Painting must be a process of exploration, both for the artist and the viewer. Paul Klee said “Art does not render the visible, it makes visible.”
Painting may be about many things, a landscape, a portrait etc. but it is also, importantly, about paint. In a late Rembrandt self portrait he appears, emerges from the paint surface. The paint is in itself a form of creative energy.
My paintings are usually made over a period of time, reworked, overpainted – changed. Sickert once said “keep on working in readiness for the time when the deaf canvas listens.” I would take that further, I wait for the painting to start talking to me.

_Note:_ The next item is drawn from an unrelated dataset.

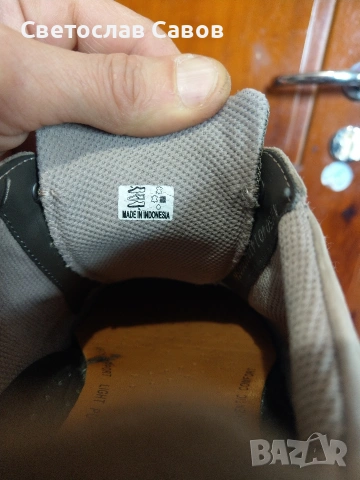 Ecco 42нм. 26,5см., снимка 13 - Мъжки ботуши - 52056988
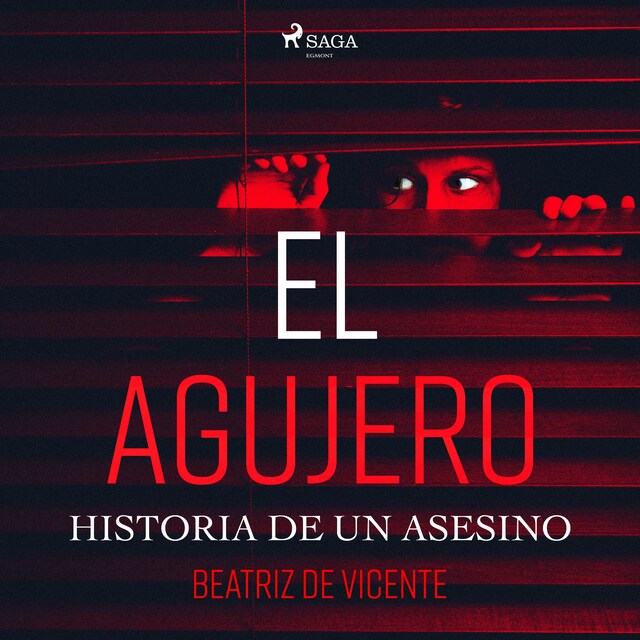 Boekomslag van El agujero. Historia de un asesino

I wrote in 1984 on the painting Elegy for Graeme Buchanan “It is important to me because I found ways of putting down with paint my sadness at Graeme’s death, and the loss of a talented musician, that feeling of finding a way of responding to the tragedy in a positive, creative way”.
I see my painting as a dialogue between the delights of landscape and the fascinations of abstraction, with comments from music, poetry and the joy of living.

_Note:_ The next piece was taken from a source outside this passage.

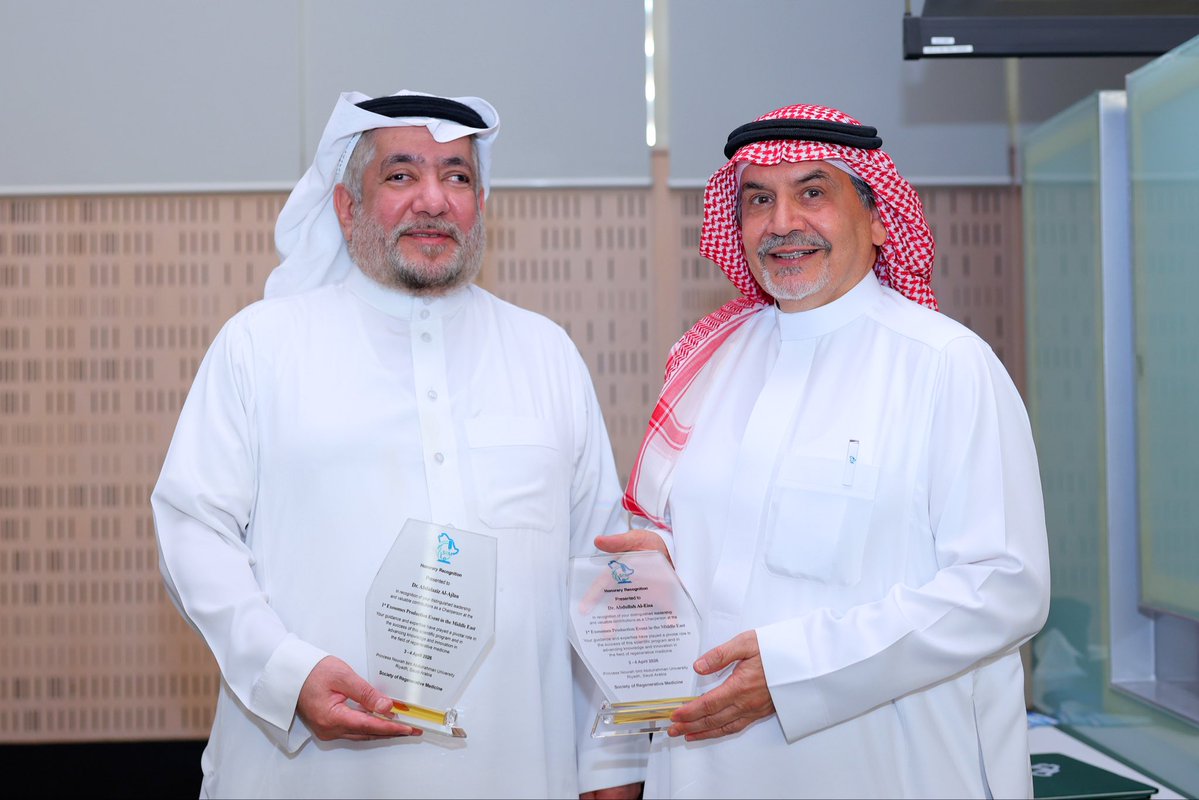 Society of Regenerative Medicine (SRM) tweet media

I have always drawn. Drawing was an essential part of my art training and I taught life drawing at the art school in Hobart.
I love the simplicity of drawing, a piece of charcoal between the fingers and the responsive surface of a sheet of paper. Gradually the image is built up, mark by mark, line by line.

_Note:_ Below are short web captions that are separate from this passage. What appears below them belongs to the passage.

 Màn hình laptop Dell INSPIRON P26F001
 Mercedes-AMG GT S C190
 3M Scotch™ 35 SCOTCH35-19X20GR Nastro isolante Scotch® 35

I usually start with a reference point, a shell, a bird’s skull or a piece of driftwood, sometimes two objects and the space between them. As I work the image gradually reveals itself and begins to assume a presence. Then comes the time when the reference is abandoned and the imagination takes over. It is then that the drawing develops a life of its own, incorporating the original object but going beyond it. The process of building a drawing allows time for the imaginative to fuse with the objective, it is that interaction between the real and the unknown that makes drawing so fascinating.